• What you will do
Transcribe exactly the line with "#AKParti #AKKadın #AKKadınHaliliye" and each line that follows it in the listing, down to the last, omitting all pictures.

• Data supplied

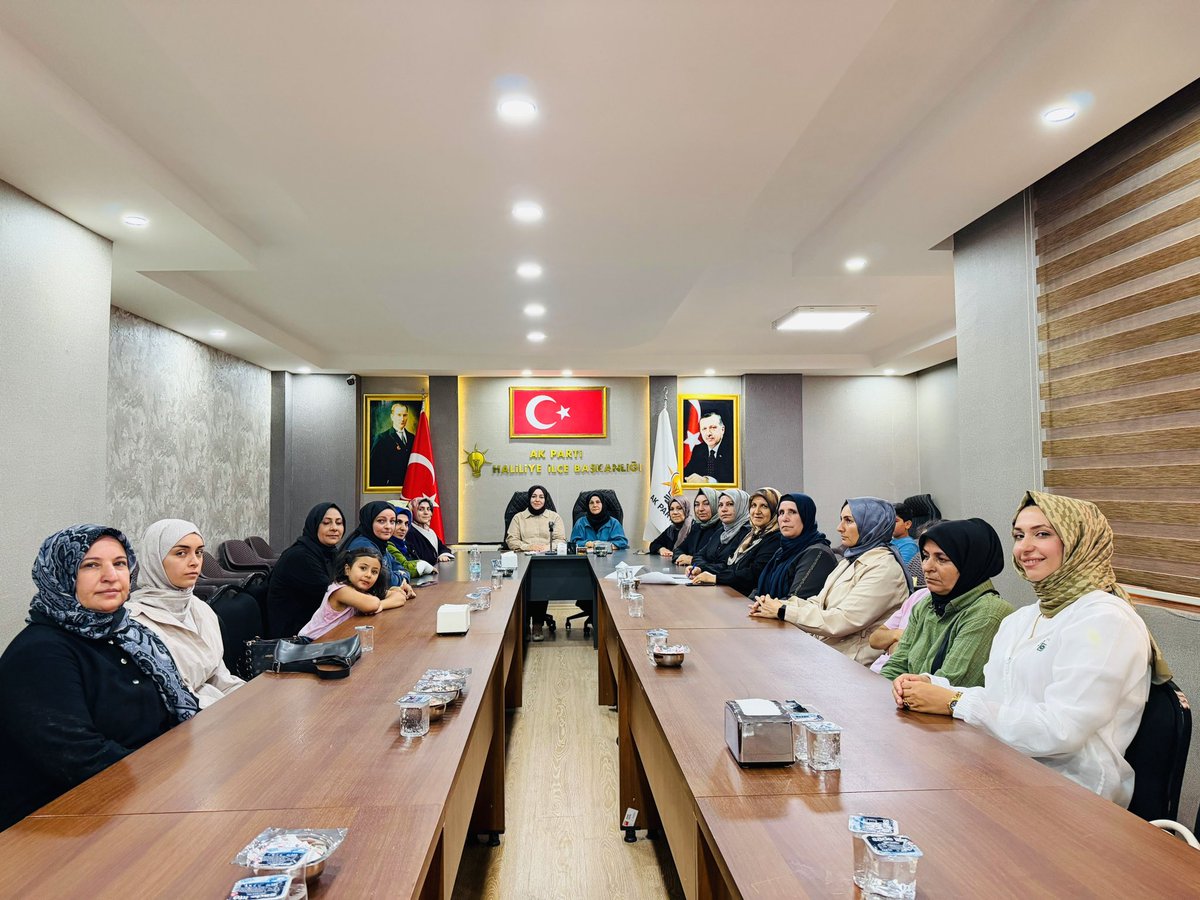 fatmaocak0663's tweet photo. 📍 Haftalık Olağan Yönetim Kurulu Toplantımız

AK Parti Haliliye İlçe Kadın Kolları olarak; İlçe Koordinatörümüz Hamide Hatun Cünnük’ün katılımlarıyla haftalık Yönetim Kurulu Toplantımızı gerçekleştirdik.

Teşkilat çalışmalarımızı değerlendirerek istişarelerde bulunduk, hedeflerimiz doğrultusunda kararlılıkla yolumuza devam ediyoruz.

 #AKParti #AKKadın #AKKadınHaliliye #Haliliye #Şanlıurfa #TürkiyeYüzyılı #Teşkilat #BirlikBeraberlik

@RTErdogan @abuyukgumus @tugbaisikercan @tulaykaynarca @bybekirbozdag @Akparti @AKKADINGM @milhamigunbegi @ZehraAy063 @mbagmanci63 @MDOGANSALAR_TR  @Hamidecnnk @akkadinsanlurfa @AkHaliliiye @AkHaliliyeKadin @akgenchaliliyee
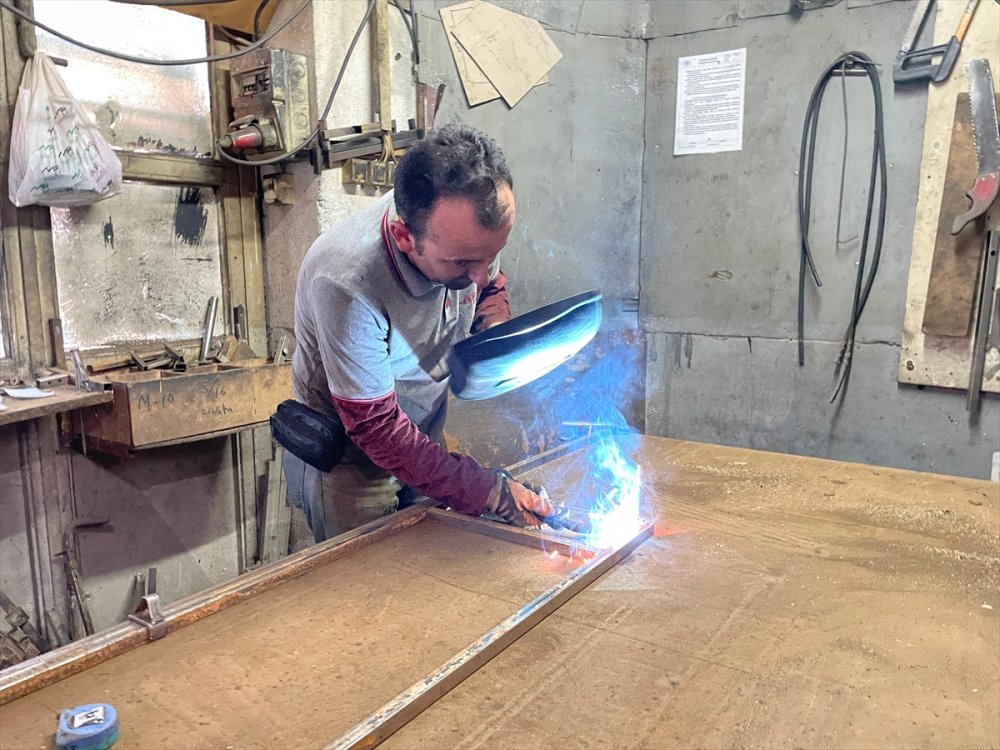 Selden etkilenen iş yerleri tekrardan faaliyete başladı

• Task solution
 #AKParti #AKKadın #AKKadınHaliliye #Haliliye #Şanlıurfa #TürkiyeYüzyılı #Teşkilat #BirlikBeraberlik

@RTErdogan @abuyukgumus @tugbaisikercan @tulaykaynarca @bybekirbozdag @Akparti @AKKADINGM @milhamigunbegi @ZehraAy063 @mbagmanci63 @MDOGANSALAR_TR  @Hamidecnnk @akkadinsanlurfa @AkHaliliiye @AkHaliliyeKadin @akgenchaliliyee
 Selden etkilenen iş yerleri tekrardan faaliyete başladı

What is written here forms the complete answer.